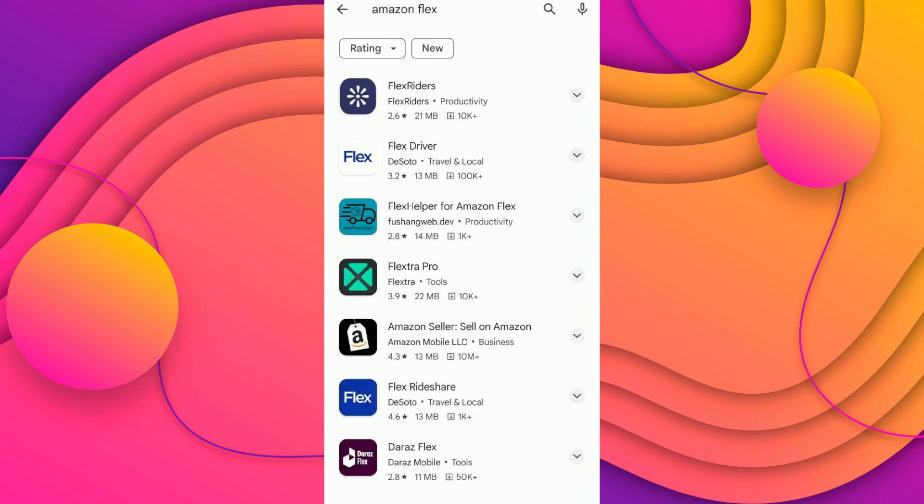Just turn on airplane mode for 30 seconds and turn it back off and see if it works.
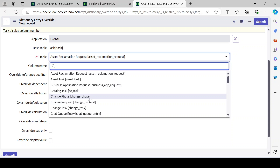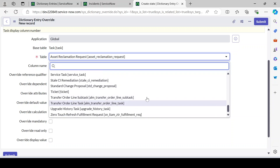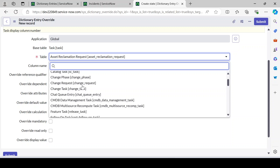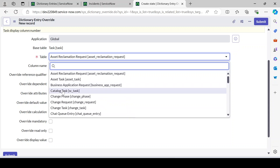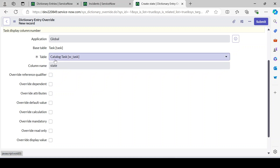You'll notice only certain tables appear in the dropdown. In ServiceNow there are many tables, but the reason only these appear is that these are the tables which have extended the task table. Only tables that extend the task table will appear here. For example, 'Catalog Task' (sc_task) appears in the list because it has extended the task table.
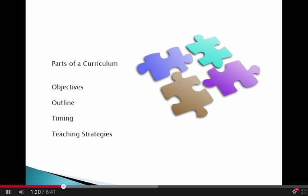The basic parts of a curriculum are the objectives, the outline, the timing, and the teaching strategies that you will use.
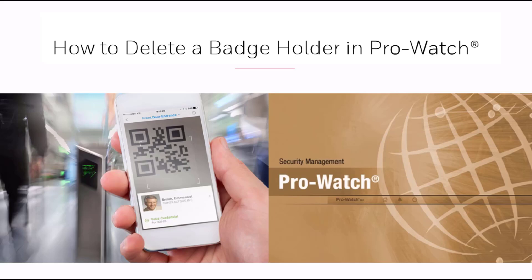In this tutorial we'll discuss how to delete a badge holder in the ProWatch system. A badge holder is a person that has access through the readers.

* _Task description_
The pictures stay out; copy the rest of the data word for word.

* _Output below_
Just turn on airplane mode for 30 seconds and turn it back off and see if it works.
You'll notice only certain tables appear in the dropdown. In ServiceNow there are many tables, but the reason only these appear is that these are the tables which have extended the task table. Only tables that extend the task table will appear here. For example, 'Catalog Task' (sc_task) appears in the list because it has extended the task table.
The basic parts of a curriculum are the objectives, the outline, the timing, and the teaching strategies that you will use.
In this tutorial we'll discuss how to delete a badge holder in the ProWatch system. A badge holder is a person that has access through the readers.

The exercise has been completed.